When I announced my decision to attend graduate school at a historically black university on last summer I received very mixed reviews ranging from “oh you will love it” to “why would you even go through that unnecessary stress.” It’s safe to say that I had mixed emotions as the first day of class arrived. And after these past 8 months, I must say there are very BIG differences between my undergraduate experiences at a Predominately White Institution (PWI) and my current graduate experience at a Historically Black College/University (HBCU). At first, I thought I would be biased because I love my Alma Mater, I really do, but surprisingly there are definitely things I do and DO NOT miss while attending a PWI and vice versa.
- Experiences of racism is far and in between
I have not experienced ANY issues of racism by faculty, staff and students within my first semester of graduate school at an HBCU than my first semester at the PWI my undergraduate year. Mind you, my freshman year of college was the year President Barack Obama was elected president for his first term. So the slurs were definitely alive and well.

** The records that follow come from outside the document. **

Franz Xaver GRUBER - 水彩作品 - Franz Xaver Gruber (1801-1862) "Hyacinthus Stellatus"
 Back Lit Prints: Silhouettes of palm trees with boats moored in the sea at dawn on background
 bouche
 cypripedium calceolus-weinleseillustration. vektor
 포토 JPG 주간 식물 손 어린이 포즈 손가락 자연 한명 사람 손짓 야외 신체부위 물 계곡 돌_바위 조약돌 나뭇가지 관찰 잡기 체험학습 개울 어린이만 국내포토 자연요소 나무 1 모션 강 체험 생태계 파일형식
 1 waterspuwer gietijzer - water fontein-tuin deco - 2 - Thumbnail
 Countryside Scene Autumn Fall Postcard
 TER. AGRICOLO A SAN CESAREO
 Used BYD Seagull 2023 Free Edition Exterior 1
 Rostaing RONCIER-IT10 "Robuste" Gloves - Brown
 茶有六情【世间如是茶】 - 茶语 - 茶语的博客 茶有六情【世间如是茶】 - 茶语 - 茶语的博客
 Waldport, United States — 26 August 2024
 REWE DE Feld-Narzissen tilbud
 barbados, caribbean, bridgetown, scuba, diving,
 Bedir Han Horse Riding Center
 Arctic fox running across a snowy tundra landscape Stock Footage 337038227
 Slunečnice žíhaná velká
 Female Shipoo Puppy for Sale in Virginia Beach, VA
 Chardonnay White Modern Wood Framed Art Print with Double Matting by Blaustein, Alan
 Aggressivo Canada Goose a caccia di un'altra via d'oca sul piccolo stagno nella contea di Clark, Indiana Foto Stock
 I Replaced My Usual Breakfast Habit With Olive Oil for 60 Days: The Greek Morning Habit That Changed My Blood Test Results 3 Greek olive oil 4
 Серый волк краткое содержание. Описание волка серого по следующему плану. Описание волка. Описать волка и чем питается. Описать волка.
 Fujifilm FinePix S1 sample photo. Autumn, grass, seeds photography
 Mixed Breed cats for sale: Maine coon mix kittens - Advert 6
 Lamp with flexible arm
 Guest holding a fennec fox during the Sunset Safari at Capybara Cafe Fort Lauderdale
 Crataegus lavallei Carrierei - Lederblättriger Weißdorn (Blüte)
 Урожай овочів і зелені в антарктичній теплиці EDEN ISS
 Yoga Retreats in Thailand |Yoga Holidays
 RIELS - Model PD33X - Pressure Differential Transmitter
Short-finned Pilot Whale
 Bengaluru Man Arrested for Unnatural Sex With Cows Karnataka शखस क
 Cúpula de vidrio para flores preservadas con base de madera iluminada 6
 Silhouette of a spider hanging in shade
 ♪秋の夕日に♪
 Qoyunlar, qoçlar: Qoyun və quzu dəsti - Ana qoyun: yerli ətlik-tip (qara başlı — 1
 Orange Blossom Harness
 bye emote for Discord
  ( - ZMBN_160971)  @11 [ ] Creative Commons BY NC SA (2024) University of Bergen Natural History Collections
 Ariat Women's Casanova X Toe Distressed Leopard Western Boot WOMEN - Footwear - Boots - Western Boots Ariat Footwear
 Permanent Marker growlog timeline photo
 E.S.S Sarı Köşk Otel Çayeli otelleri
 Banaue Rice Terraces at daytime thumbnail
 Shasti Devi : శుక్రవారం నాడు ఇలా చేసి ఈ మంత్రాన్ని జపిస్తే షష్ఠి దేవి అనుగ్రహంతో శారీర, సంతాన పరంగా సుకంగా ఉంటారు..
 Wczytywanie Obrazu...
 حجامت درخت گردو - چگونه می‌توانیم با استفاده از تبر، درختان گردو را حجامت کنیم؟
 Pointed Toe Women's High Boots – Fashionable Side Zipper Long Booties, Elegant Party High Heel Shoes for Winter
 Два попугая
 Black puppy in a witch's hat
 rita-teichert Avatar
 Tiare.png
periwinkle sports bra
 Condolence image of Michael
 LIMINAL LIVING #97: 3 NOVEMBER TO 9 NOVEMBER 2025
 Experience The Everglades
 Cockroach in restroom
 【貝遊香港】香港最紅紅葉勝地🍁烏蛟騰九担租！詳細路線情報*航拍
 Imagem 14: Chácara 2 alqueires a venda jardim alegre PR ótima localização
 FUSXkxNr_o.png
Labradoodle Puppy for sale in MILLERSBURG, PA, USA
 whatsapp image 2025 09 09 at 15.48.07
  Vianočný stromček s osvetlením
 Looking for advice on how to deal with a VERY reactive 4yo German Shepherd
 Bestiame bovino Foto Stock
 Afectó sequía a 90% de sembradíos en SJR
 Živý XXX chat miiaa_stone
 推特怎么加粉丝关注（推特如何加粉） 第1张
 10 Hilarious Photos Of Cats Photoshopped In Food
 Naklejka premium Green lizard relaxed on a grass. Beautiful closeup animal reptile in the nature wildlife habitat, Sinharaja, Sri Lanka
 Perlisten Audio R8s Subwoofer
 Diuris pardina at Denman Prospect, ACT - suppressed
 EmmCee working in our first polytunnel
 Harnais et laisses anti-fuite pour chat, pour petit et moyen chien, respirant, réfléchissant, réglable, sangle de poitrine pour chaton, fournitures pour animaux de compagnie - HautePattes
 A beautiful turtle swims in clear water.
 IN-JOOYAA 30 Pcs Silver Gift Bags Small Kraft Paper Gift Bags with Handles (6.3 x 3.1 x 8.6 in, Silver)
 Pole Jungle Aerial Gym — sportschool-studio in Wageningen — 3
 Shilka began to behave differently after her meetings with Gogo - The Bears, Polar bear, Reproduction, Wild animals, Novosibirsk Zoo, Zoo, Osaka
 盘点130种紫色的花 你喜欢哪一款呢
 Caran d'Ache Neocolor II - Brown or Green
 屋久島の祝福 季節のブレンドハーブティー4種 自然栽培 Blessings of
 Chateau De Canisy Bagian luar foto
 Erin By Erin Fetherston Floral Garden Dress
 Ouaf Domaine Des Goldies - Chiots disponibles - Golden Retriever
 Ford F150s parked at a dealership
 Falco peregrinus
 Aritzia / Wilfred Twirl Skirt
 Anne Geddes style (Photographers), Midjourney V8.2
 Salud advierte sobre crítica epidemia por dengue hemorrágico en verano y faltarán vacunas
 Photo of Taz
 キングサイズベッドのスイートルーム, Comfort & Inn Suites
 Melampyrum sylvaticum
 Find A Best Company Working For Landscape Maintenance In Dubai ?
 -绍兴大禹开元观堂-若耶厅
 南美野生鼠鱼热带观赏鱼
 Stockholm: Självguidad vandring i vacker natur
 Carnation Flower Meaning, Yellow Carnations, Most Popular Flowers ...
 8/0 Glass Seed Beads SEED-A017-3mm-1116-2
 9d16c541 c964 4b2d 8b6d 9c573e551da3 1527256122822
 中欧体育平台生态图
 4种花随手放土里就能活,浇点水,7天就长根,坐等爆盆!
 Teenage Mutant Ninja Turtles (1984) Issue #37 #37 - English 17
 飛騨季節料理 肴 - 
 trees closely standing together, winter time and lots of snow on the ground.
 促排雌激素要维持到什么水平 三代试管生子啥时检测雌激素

- I don’t feel like a minority
There were plenty of times where I was the only person of color in a college class and I felt awkward, out of place, and alienated by the professor and the students. The populations at HBCUs are very much diverse however. African American or students of African decent are the majority at most HBCUs and it obvious. Experiencing diversity but being treated equally is an outstanding experience. It’s very encouraging to see so many goal driven black faces. To me, it makes a less hostile learning experience.
- Organization is not an HBCU’s forte
I’ve only attended one PWI and one HBCU so I cannot speak for the majority but from my experiences HBCUs truly lack organization skills and professionalism. As someone who has attended a more organized university in the past, to transition to a less organized university almost drove me insane. But what’s really shocking me is the other students who attended an HBCU for their undergraduate career see nothing wrong with the administration’s organizational skills. Forms are often lost, phones are rarely answered and instructions are rarely comprehensible. However, their lack of organization has caused me to become more organized, more involved and more vocal about my career and educational planning. I MAKE COPIES AND NOTES OF EVERYTHING AND I ASK A LOT OF QUESTIONS.
- Prejudice for attending a PWI is real
Other students who have attended a HBCU before may tease you for attending a PWI but don’t take it personal. That just mean I can make under any circumstance lol. I haven’t had any issues of prejudice from faculty or staff though and that’s what really matters.
- Pay attention to your Financial Aid
You should pay attention to your financial aid no matter what college you attend but if you attend or plan to attend an HBCU, DO NOT PLAY WITH THEM FOLKS.
If you thought, I would merely tell you which school is better than you have come to the wrong place. The college you choose has to best fit you.
“I’m Just Saying..”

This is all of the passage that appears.